More than 15,000 acres have burned in wildfires in northern Minnesota and northwestern Wisconsin, with dozens of homes and other structures destroyed, officials said Wednesday.
Tuesday’s strong winds, high temperatures, low humidity and dry vegetation contributed to the fires’ spread. Cooler conditions were in Wednesday’s forecast for the region, according to the Minnesota Incident Command System, with slightly calmer winds and higher humidity readings. Rain could arrive as soon as Thursday, with the weekend also in line for precipitation.
The biggest swath of the scorched land and building damage is in the Wisconsin forestland of Douglas and Bayfield counties, where firefighting crews worked through the night to surround what has become known as the Germann Road Fire, a blaze that has so far charred 8,700 acres, the Wisconsin Department of Natural Resources said Wednesday morning.
In northwestern Minnesota, firefighters Wednesday battled a wildfire that burned a yet-to-be-determined number of homes and structures near Menahga.
Firefighters flying over the blaze dubbed as the Green Valley Fire measured it Wednesday morning at 7,100 acres, said command center spokeswoman Jean Goad. But workers have dug a line around the 6-mile-long fire to prevent it from spreading.
Goad said it had been difficult to measure the fire Tuesday because there was so much smoke overhead.
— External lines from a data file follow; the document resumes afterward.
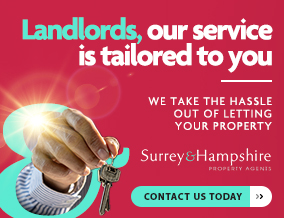 Get brand editions for Surrey & Hampshire Property Agents, Surrey & Hampshire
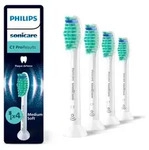 Philips Sonicare ProResults HX6014/87 Ersatzkopf f&uuml;r Zahnb&uuml;rste 4 St.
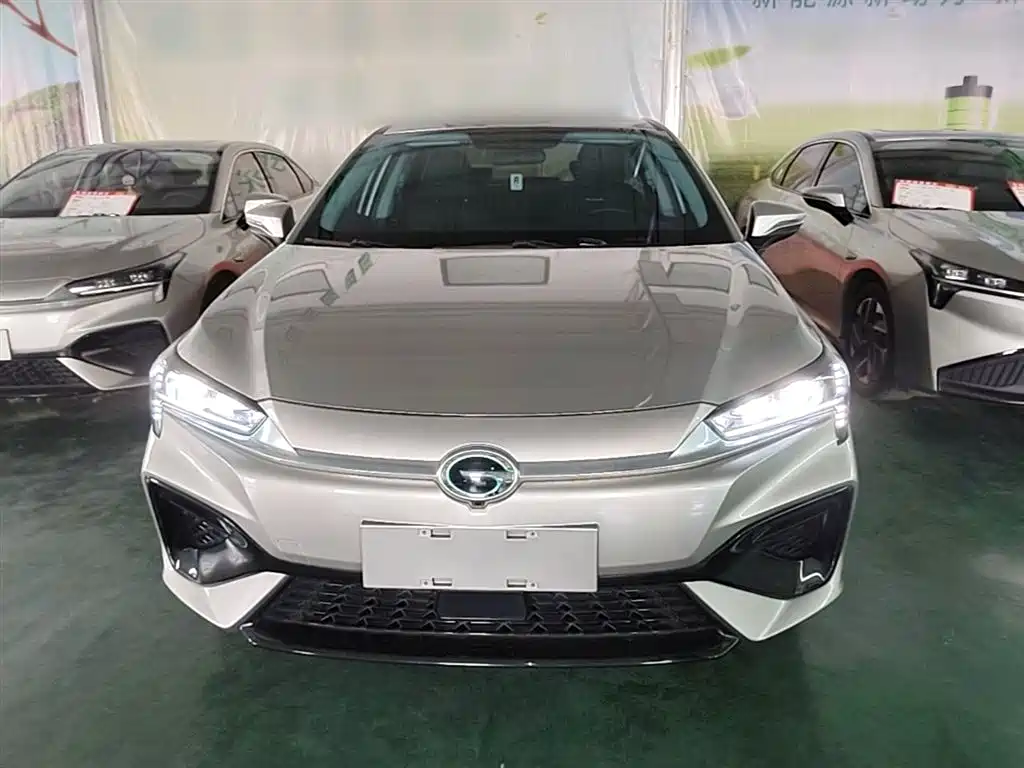Aion S 2023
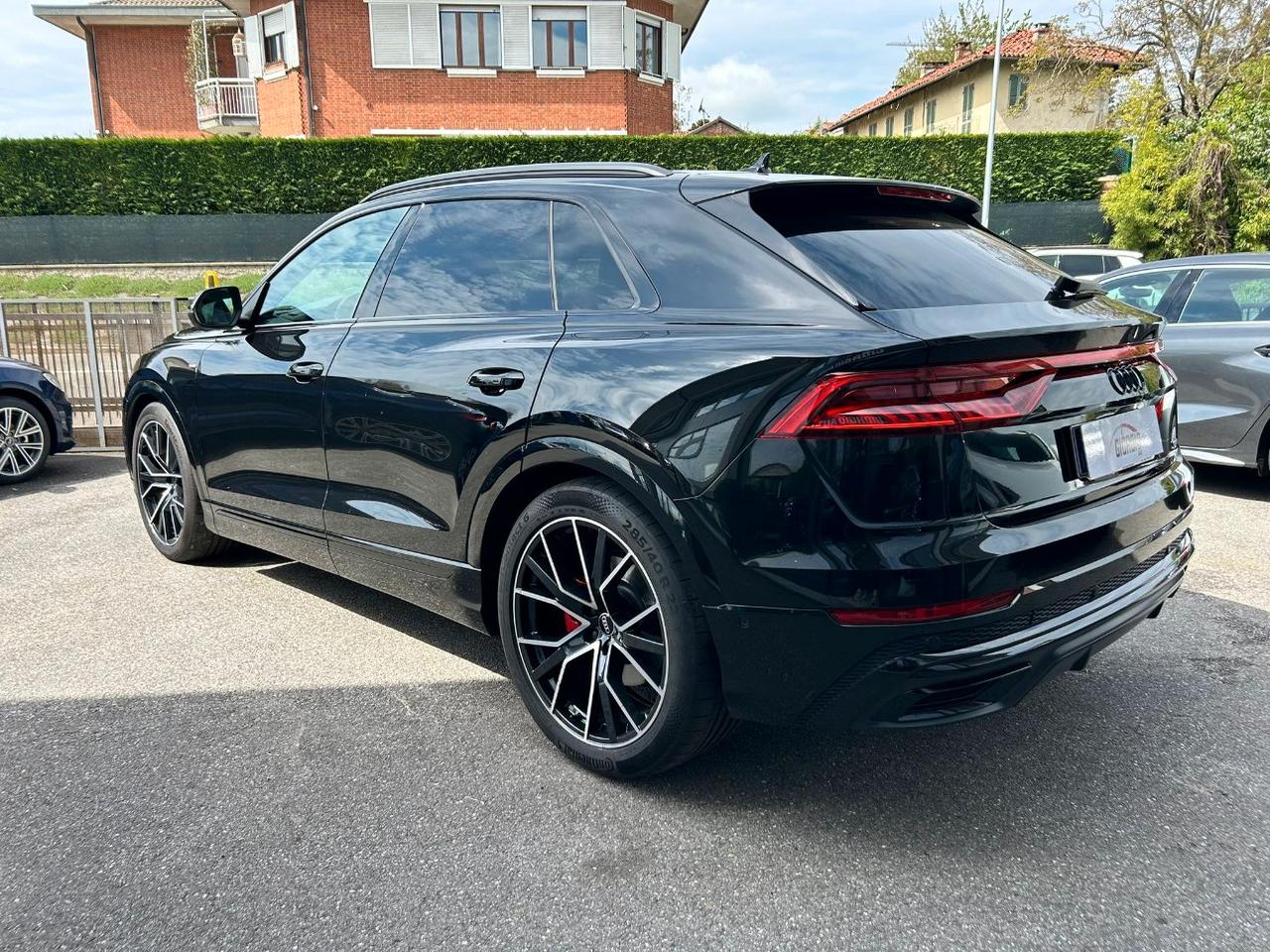 Audi Q8 50 3.0 tdi mhev Sport quattro tiptronic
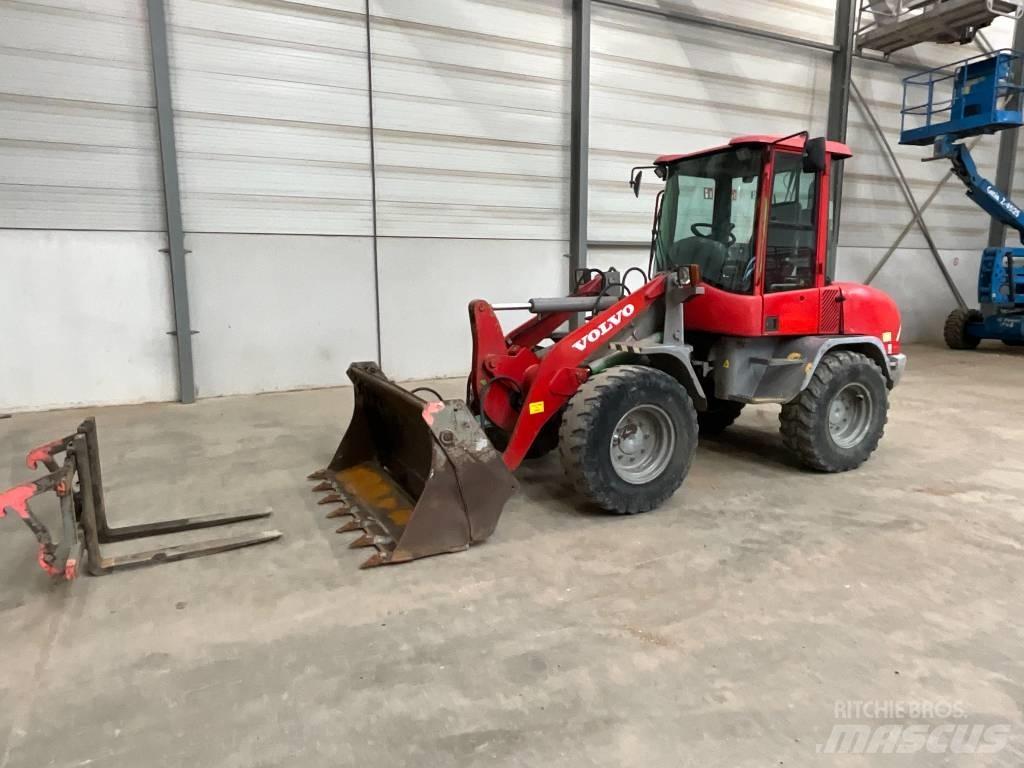 Volvo L 30 B-Z/X Radlader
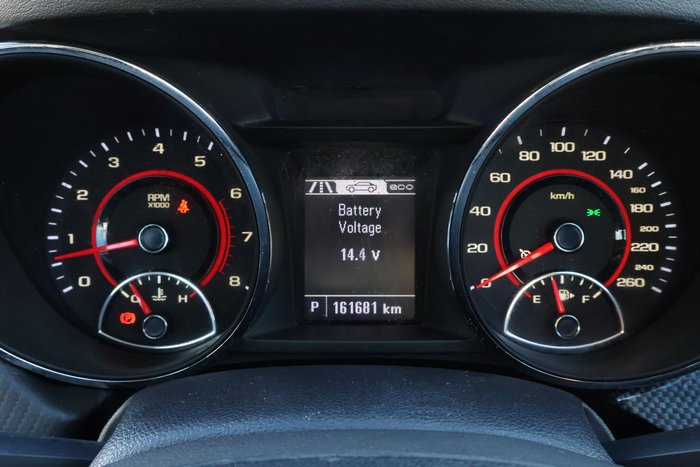 2013 Holden Ute SV6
Officials were urging people to stay out of the area Wednesday due to smoke.
The fire destroyed some homes and other buildings, but Goad did not have specific numbers.
“Winds are not quite as strong, humidities are not quite as low and temperatures are not quite as high,” Goad added, comparing Wednesday to Tuesday. “But it’s still a pretty snappy fire day.”
The Red Cross opened two shelters for residents evacuated from homes in Wadena and Hubbard counties. A fire northeast of Camp Ripley also threatened structures.
Nearly 100 residents of a nursing home and assisted-living center in Menagha returned unharmed Wednesday morning after spending the night on cots in a high school gym 9 miles south in Sebeka.
Administrator Clair Erickson noted that the precautionary evacuation came only hours after a Nursing Home week event in which the staff provided s’mores to residents as part of a “campout.”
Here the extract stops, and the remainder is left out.